Introduction
1. Tools and Notes
Project 2: TV's Golden Age is real.
Project 1: Federal R&D spending by agency.

Introduction

This repo will contain my code explorations with datasets available via the #TidyTuesday project. The idea is to evolve towards a document based on literate programming principles, with the code side by side with the exploration / analysis.

The latest project is on top.

Tools and Notes

I use ESS (and Emacs) for all my workflows. This is a single Org document containing each exploration under a heading, and code blocks enclosed within Org-babel headers.
Completed code snippets are tangled into scripts in the 00_scripts folder.

Project 2: TV's Golden Age is real.

Dataset: link

Questions

DONE How many unique genres?

How many unique titles per genre?

how many shows released every year, for each genre.

Find the average rating of each title across seasons

Average rating variation across genres. Which genres seem more popular?

Average number of seasons and the connection with the average rating

Top 10, based on number of seasons and average rating, and bringing out the connection with genre.

Code notebook

Loading Libraries and reading in data

                                        # Loading libraries
library("easypackages")
libraries("tidyverse", "tidyquant")
                                        # Reading in the data directly from github
tv_ratings_raw  <- readr::read_csv("https://raw.githubusercontent.com/rfordatascience/tidytuesday/master/data/2019/2019-01-08/IMDb_Economist_tv_ratings.csv")

Let's get a quick overview of the data available.

tv_ratings_raw %>% skimr::skim()
tv_ratings_raw %>% glimpse()

Observations:

We have 7 variables, and all of them appear to be useful.
There are no missing values.
Each serial has a unique titleId. This can be useful to separate out serials from seasons.
what does the 'share' column imply?

To get deeper insight on these serials: the genres have to be separated out. This will allow analysis of the serials based on the Genre.

Viewing the data will show that individual genres are separated by a comma. Though I initially started with 6 splits - I found the maximum to be 3 and there are several with less than 3 genres.

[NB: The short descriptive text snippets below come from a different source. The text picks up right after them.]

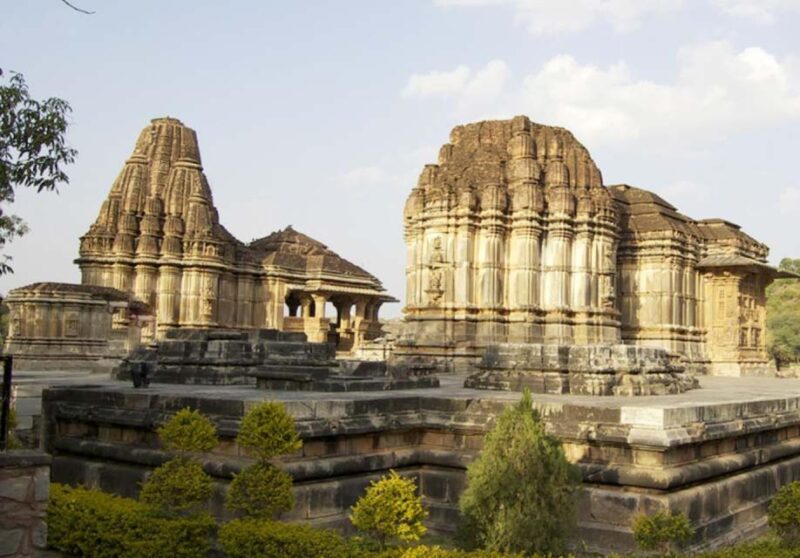 Day Trip to Nathdwara, Eklingji Temple With Haldighati - Frequently Asked Questions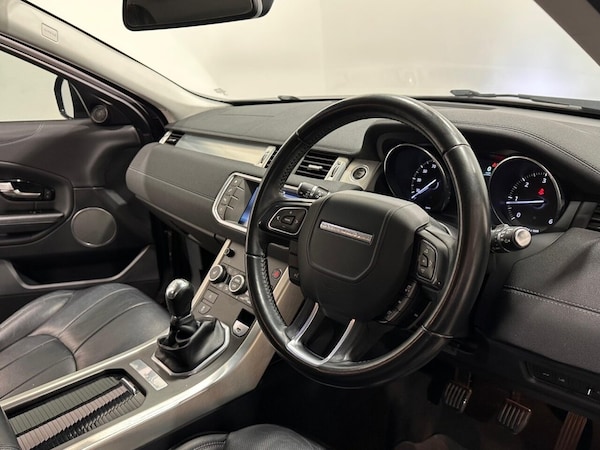 Used Land Rover Range Rover Evoque 2016 for sale - 76132926: Photo 9
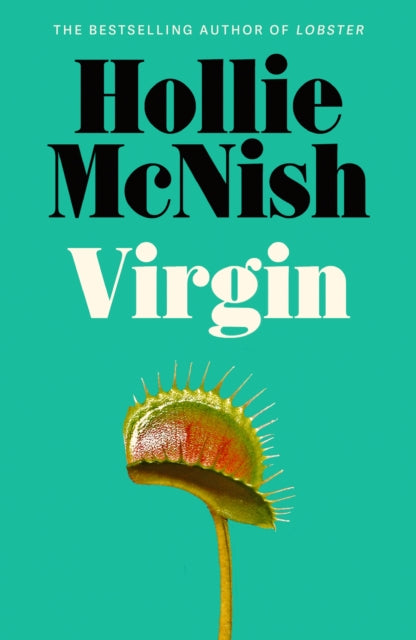 Mcnish, Hollie - Virgin : 'Hollie McNish's words always sweep me away' Giovanna Fletcher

So how many unique genres do we have?

                                        # Note:  the unique genres can also obtained by starting with map(unique), and with some further processing.

## test <- tv_ratings_raw %>%
##   separate(genres,
##            into = c("genre1_", "genre2_", "genre3_"),
##            sep = ',' ,
##            remove = FALSE
##            ) %>%
##   select(ends_with("_")) %>%
##   map(unique)

all_genres <-  tv_ratings_raw %>%
  separate(genres,
           into = c("genre1_", "genre2_", "genre3_"),
           sep = ',' ,
           remove = FALSE
           ) %>%
  select(ends_with("_")) %>%
  gather(
    key = genres_col,
    value = genre_all,
    .,
    na.rm = TRUE
  ) %>%
  select(genre_all) %>%
  unique() %>%
  spread(
    key = genre_all,
    value = genre_all
  )

There are 22 unique genre categories. To enable further analysis and make the data more suitable to machine learning, the genres could be combined with the dataset as separate columns with a logical value denoting whether the serial falls into the category or Not. In addition, it would nice to standardise the genre names formatting, especially those like Sci-If and Reality-TV.

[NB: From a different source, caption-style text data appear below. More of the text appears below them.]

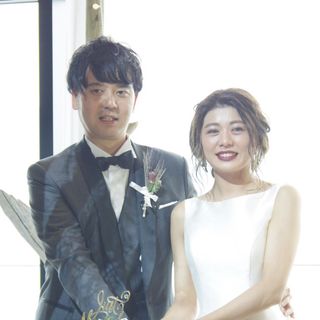 myuwedding1224さんの写真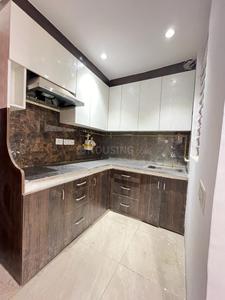 1 BHK Flat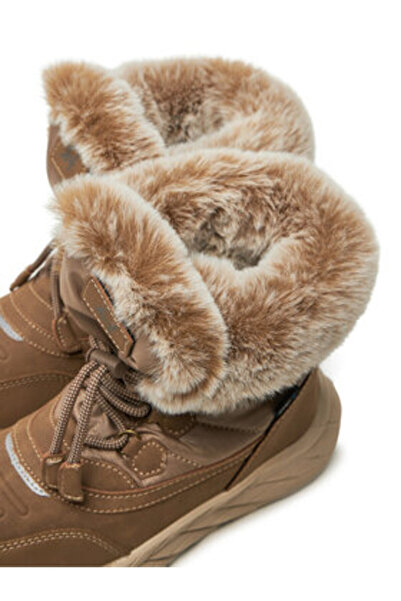 Leaf μπότες χιονιού για κορίτσια LSOLN201Q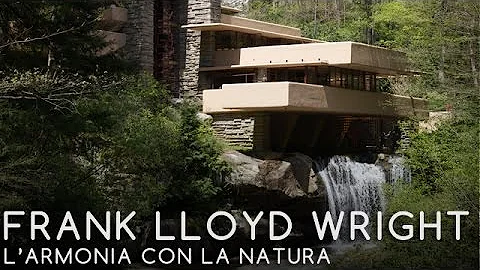 Come è morto Frank Lloyd Wright?
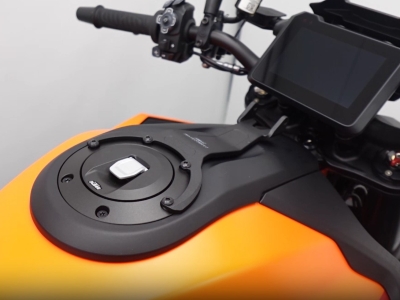 Performance Navigationshalterung KTM Super Duke R 1390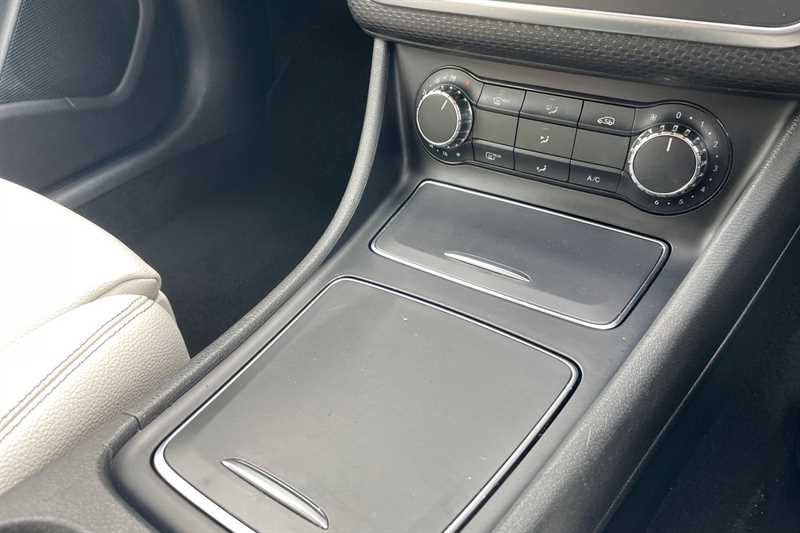 Used Mercedes-Benz A-Class 2017 for sale - 77281231: Photo 27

With 22 genre columns to consider, a tidyeval function might help.

names(all_genres) <- str_c(rep("g_", length(all_genres)), names(all_genres))
tv_ratings_conditioned <- bind_rows(tv_ratings_raw, all_genres)

all_genres %>% glimpse()

genre_flag_fn <- function(data, search_col = genres, search_pattern, flag_col )
{
  flag_col <- enquo(flag_col)
  flag_col_name <- quo_name(flag_col)
  search_col <- enquo(search_col)
  data %>%
    mutate(!!flag_col_name := case_when(
               str_detect(!!search_col, search_pattern)  ~ 1,
               TRUE ~ 0
             )
           )
}

tv_ratings_genre_sep_tbl <- tv_ratings_conditioned %>%
  genre_flag_fn(search_pattern = "Action"      , flag_col = g_Action      ) %>%
  genre_flag_fn(search_pattern = "Adventure"   , flag_col = g_Adventure   ) %>%
  genre_flag_fn(search_pattern = "Animation"   , flag_col = g_Animation   ) %>%
  genre_flag_fn(search_pattern = "Biography"   , flag_col = g_Biography   ) %>%
  genre_flag_fn(search_pattern = "Comedy"      , flag_col = g_Comedy      ) %>%
  genre_flag_fn(search_pattern = "Crime"       , flag_col = g_Crime       ) %>%
  genre_flag_fn(search_pattern = "Documentary" , flag_col = g_Documentary ) %>%
  genre_flag_fn(search_pattern = "Drama"       , flag_col = g_Drama       ) %>%
  genre_flag_fn(search_pattern = "Family"      , flag_col = g_Family      ) %>%
  genre_flag_fn(search_pattern = "Fantasy"     , flag_col = g_Fantasy     ) %>%
  genre_flag_fn(search_pattern = "History"     , flag_col = g_History     ) %>%
  genre_flag_fn(search_pattern = "Horror"      , flag_col = g_Horror      ) %>%
  genre_flag_fn(search_pattern = "Music"       , flag_col = g_Music       ) %>%
  genre_flag_fn(search_pattern = "Musical"     , flag_col = g_Musical     ) %>%
  genre_flag_fn(search_pattern = "Mystery"     , flag_col = g_Mystery     ) %>%
  genre_flag_fn(search_pattern = "Reality-TV"  , flag_col = `g_Reality-TV`) %>%
  genre_flag_fn(search_pattern = "Romance"     , flag_col = g_Romance     ) %>%
  genre_flag_fn(search_pattern = "Sci-Fi"      , flag_col = `g_Sci-Fi`    ) %>%
  genre_flag_fn(search_pattern = "Sport"       , flag_col = g_Sport       ) %>%
  genre_flag_fn(search_pattern = "Thriller"    , flag_col = g_Thriller    ) %>%
  genre_flag_fn(search_pattern = "War"         , flag_col = g_War         ) %>%
  genre_flag_fn(search_pattern = "Western"     , flag_col = g_Western     )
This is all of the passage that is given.